Os lamentáveis sucessos decorrentes do terramoto de Port-au-Prince têm servido para dar a conhecer ao Mundo um país muito pobre e cheio de contradições. O Haiti parece um país deslocado no espaço e no tempo: é um país de africanos longe de África, e é um país de pobres mesmo ao lado do império dos ricos; é um país onde os benefícios do progresso não chegaram, onde a esperança de vida à nascença não ultrapassa os 60 anos, onde o futuro não é risonho para o jovens.

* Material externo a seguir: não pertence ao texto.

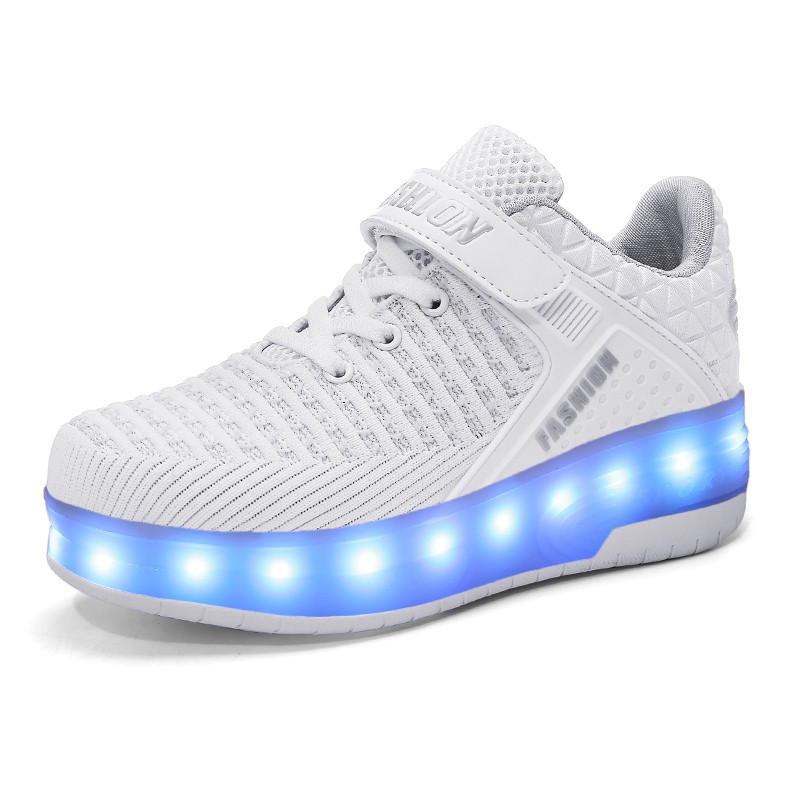 Giày thể thao YOZOH có đèn chiếu sáng sạc lại phong cách thời trang cho trẻ em kích thước 29-40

A ilha onde se situa o Haiti é a Ilha Hispaniola onde aportou Colombo, em Dezembro de 1492, quando chegou às Índias Ocidentais e onde, pela primeira vez, tomou contacto com os índios americanos (os quais, passado pouco tempo, desapareceram completamente da ilha).
Os haitianos são hoje 10 milhões, a viver num território do tamanho do Alentejo. Mas em 1950 eram 3 milhões o que mostra bem o elevado crescimento populacional (o Haiti tem a taxa de natalidade mais alta do hemisfério ocidental). 50% do haitianos têm menos de 20 anos e 50% são analfabetos. Existem ainda 2 milhões a viver fora do país, sobretudo na República Dominicana e nos EUA.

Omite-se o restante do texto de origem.